Rationale: During an exacerbation of ulcerative colitis, clients should follow a low-fiber,
low-residue diet to reduce irritation to the inflamed bowel and minimize diarrhea. Fresh
fruits, especially with skins, are high in fiber and would worsen symptoms. Baked chicken,
white rice, plain pasta, and mashed potatoes are low-fiber options.
Question 9
The nurse is assessing a client with a new onset of sudden, severe, unilateral flank pain radiating
to the groin, accompanied by hematuria. The client is restless and unable to find a comfortable
position. The nurse suspects:
A) Pyelonephritis.
B) Glomerulonephritis.
C) Nephrolithiasis (kidney stones).
D) Urinary tract infection (UTI).
E) Benign prostatic hyperplasia (BPH).
Correct Answer: C) Nephrolithiasis (kidney stones).

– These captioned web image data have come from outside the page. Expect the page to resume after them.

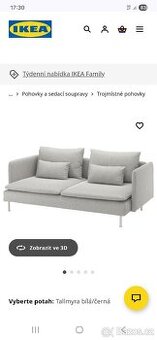 Sedací souprava Ikea Soderhamn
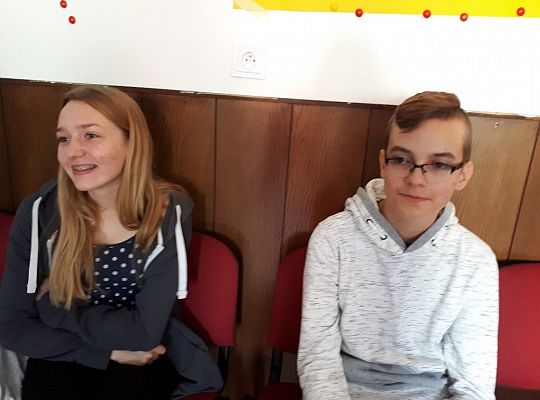Polsko-niemiecka wymiana młodzieży w Szkole 21143
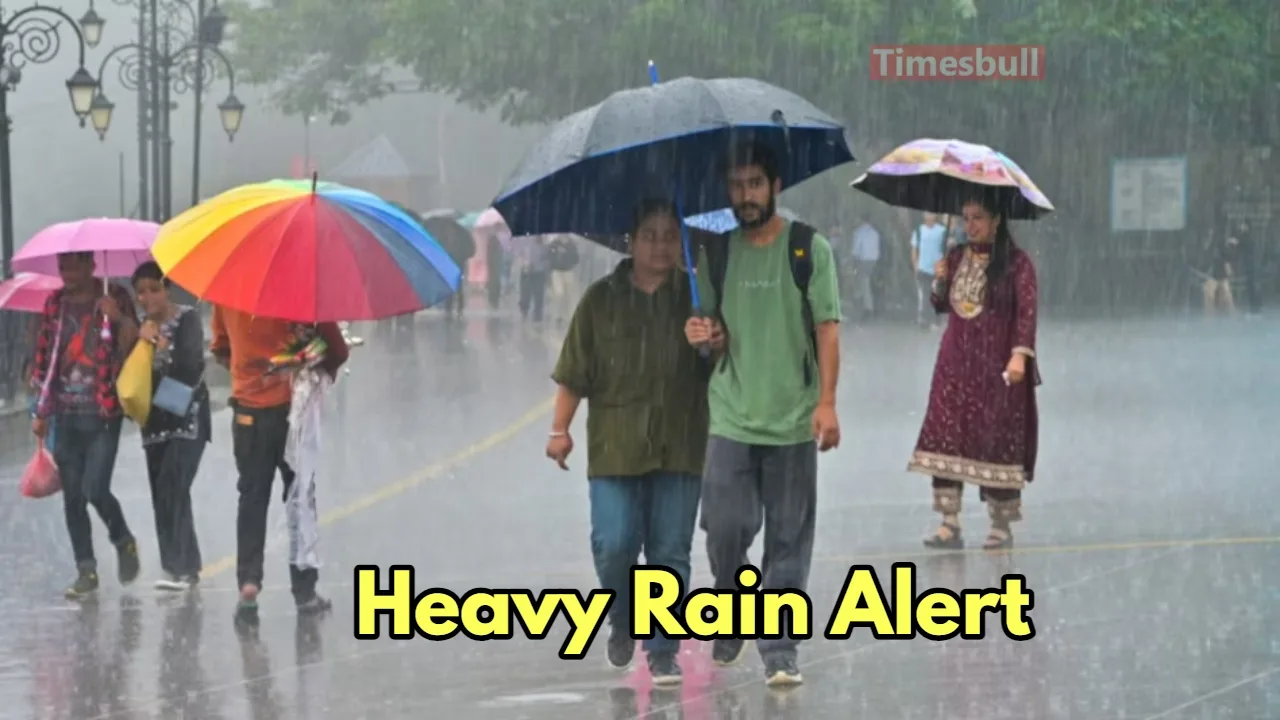 heavy rain alert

Rationale: Sudden, severe, unilateral flank pain radiating to the groin (renal colic),
restlessness, and hematuria are classic signs and symptoms of nephrolithiasis (kidney
stones) obstructing the ureter.
Question 10
A client with cirrhosis develops asterixis and a flapping tremor of the hands. The nurse
anticipates which medication will be prescribed?
A) Furosemide.
B) Lactulose.
C) Spironolactone.
D) Propranolol.
E) Vitamin K.
Correct Answer: B) Lactulose.
Rationale: Asterixis (flapping tremor) is a sign of hepatic encephalopathy, caused by the
accumulation of ammonia in the blood due to impaired liver function. Lactulose is a
laxative that works by trapping ammonia in the gut and promoting its excretion in the
feces, thereby reducing serum ammonia levels.
Question 11
A nurse is preparing to administer an intravenous push medication to a client. Which action is the
most important to ensure client safety?
A) Inject the medication over 10 seconds.
B) Check the client's allergy band.
C) Dilute the medication with 10 mL of normal saline.